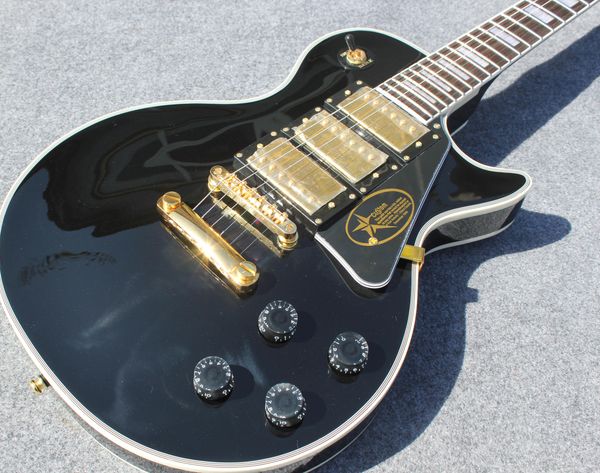 electric guitar body mahogany rosewood fingerboard white binding and black pickguard 3 pickups golden hardware
electric guitar body mahogany rosewood fingerboard white binding and black pickguard 3 pickups golden hardware
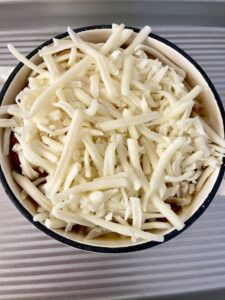 Grated cheese on top of toast and French onion soup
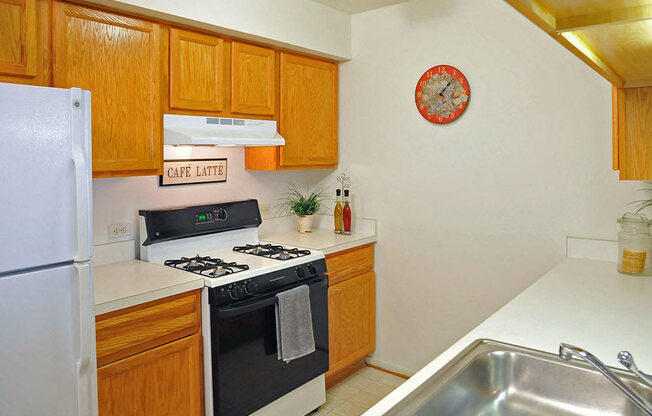 Well Equipped Kitchen at The Harbours Apartments, Clinton Twp, MI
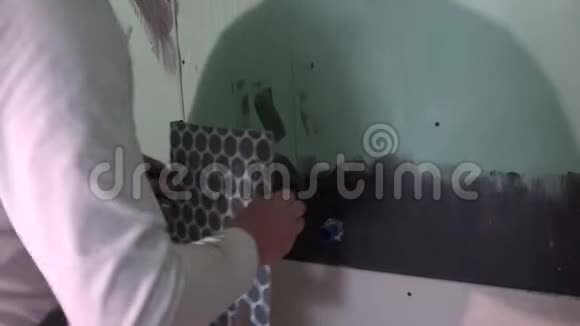 拖车人在浴室的冷热水管周围涂上墙砖视频的预览图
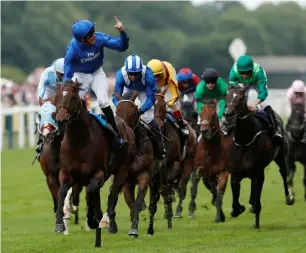  ?? Reuters ?? Sheikh Hamdan bin Mohammed bin Rashid Al Maktoum, Crown Prince of Dubai, holds the trophy as Princess Anne looks on. Right: William Buick on Blue Point celebrates winning the race at Royal Ascot on Tuesday. —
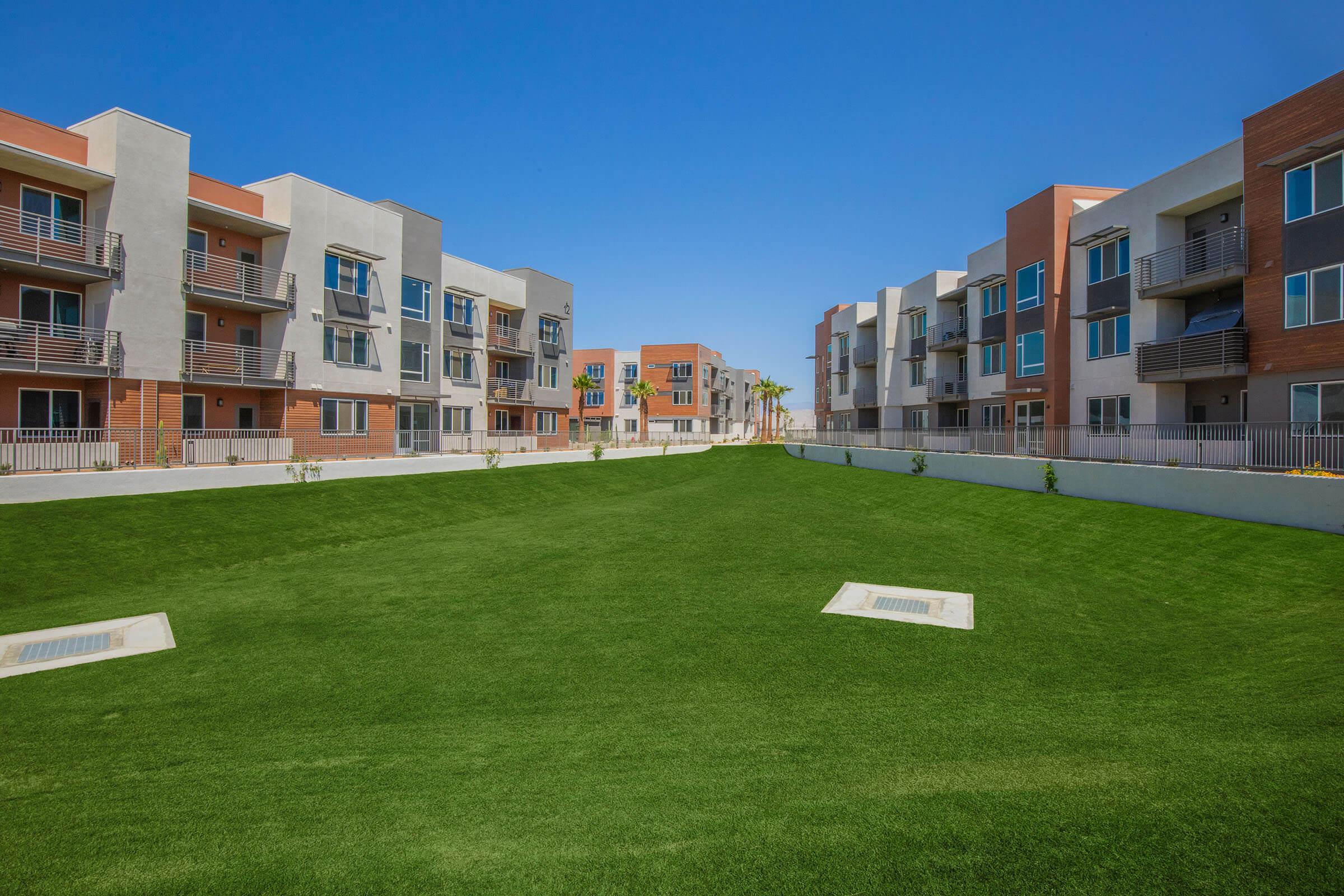 Modern apartment complex with two rows of multi-story buildings facing each other. A spacious green lawn in the center, surrounded by pathways. Clear blue sky above creates a bright and inviting atmosphere.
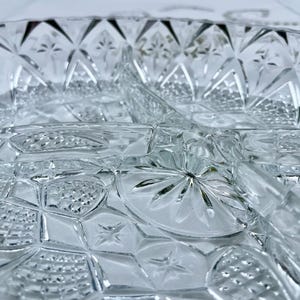 May include: Close-up of a clear, divided glass serving dish. The dish features a detailed, geometric pattern with star and diamond shapes. The glass has a textured surface, reflecting light.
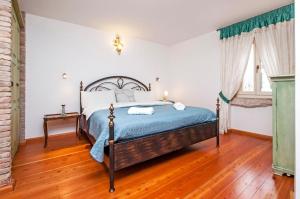 a bedroom with a bed and a wooden floor at Apartments Casa Rubeus Rovinj in Rovinj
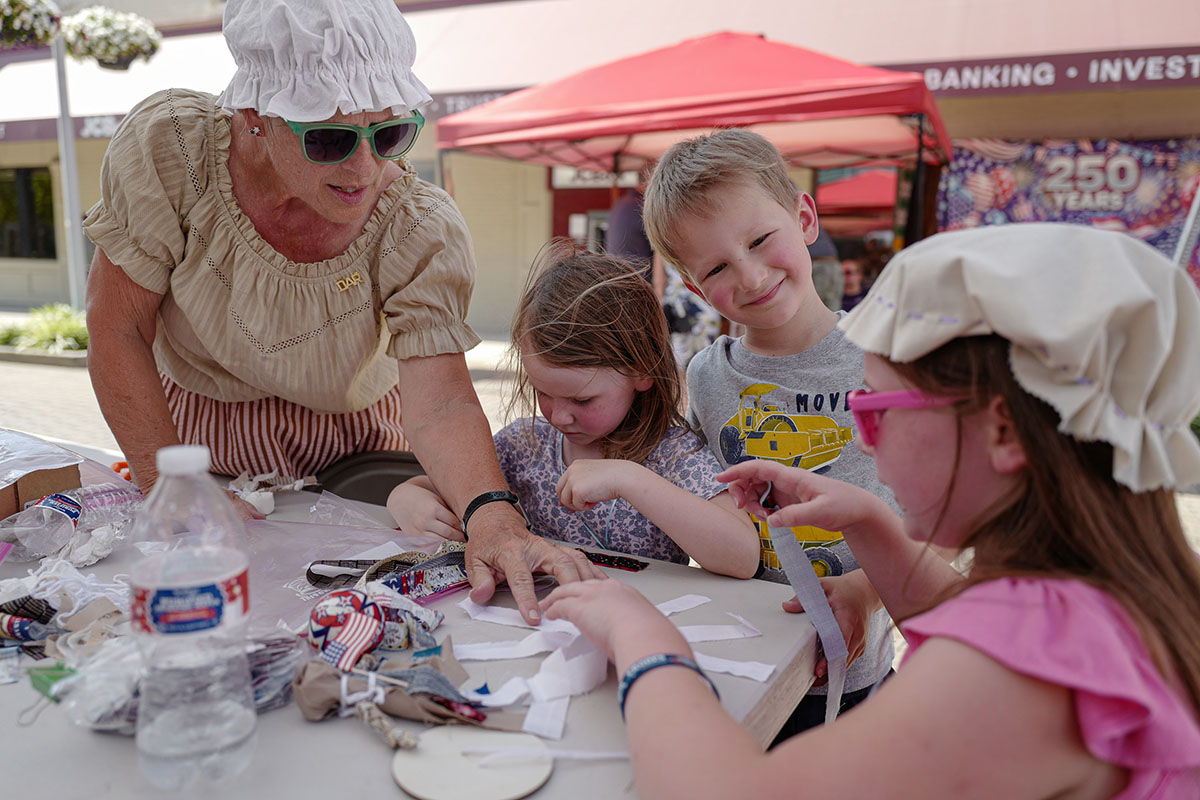 People take part in American Revolutino Day during Columbus's Celebrate 250's on Fourth Street in downtown Columbus, Indiana, Monday, June 29, 2026. Celebrate 250 is a six celebration marking America's 250th anniversary.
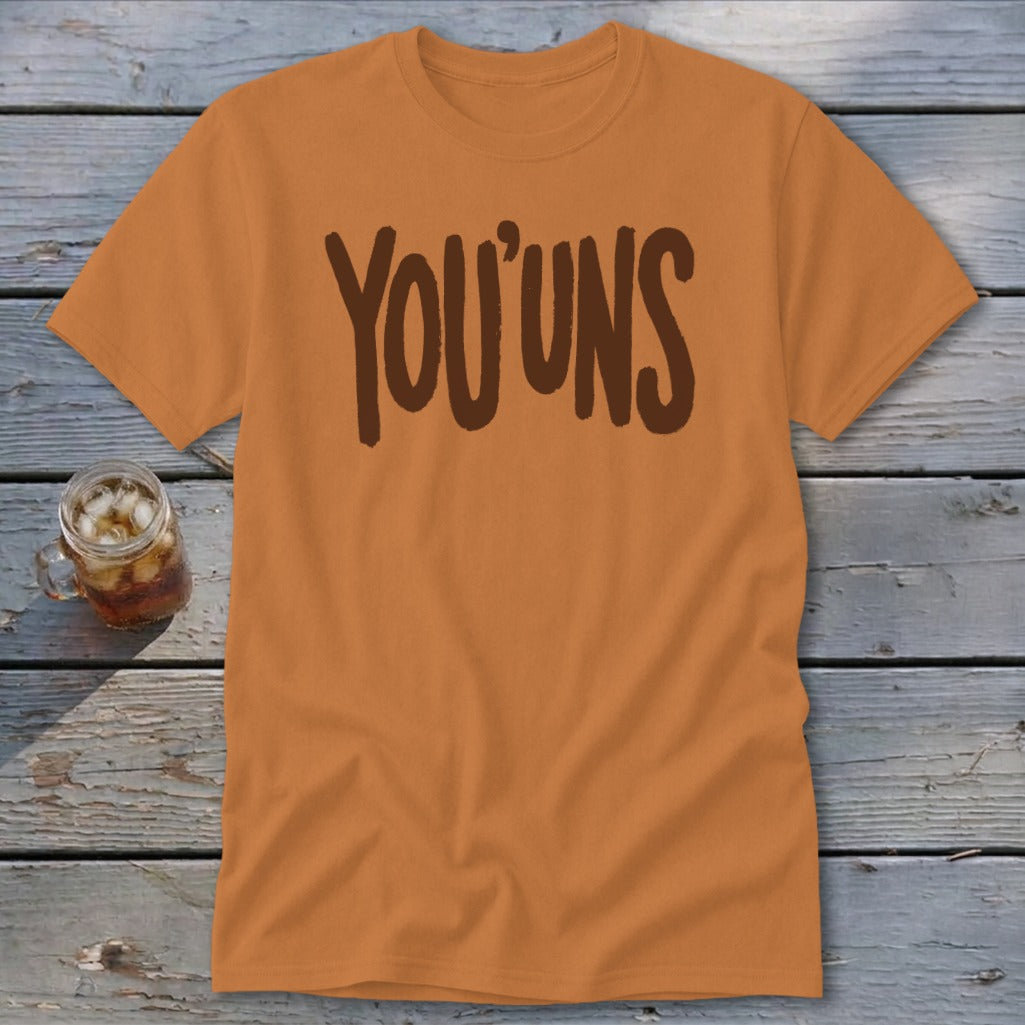 Orange t-shirt with "YOU'UNS" text in brown, next to a glass of iced tea.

| TRY IT |
From the data above, retype only the lines starting with the line with "Grated cheese on" and going on through the line with "拖车人在浴室的冷热水管周围涂上墙砖视频的预览图", exactly, leaving out the pictures.

| OUTPUT FOR THIS TASK |
 Grated cheese on top of toast and French onion soup
 Well Equipped Kitchen at The Harbours Apartments, Clinton Twp, MI
 拖车人在浴室的冷热水管周围涂上墙砖视频的预览图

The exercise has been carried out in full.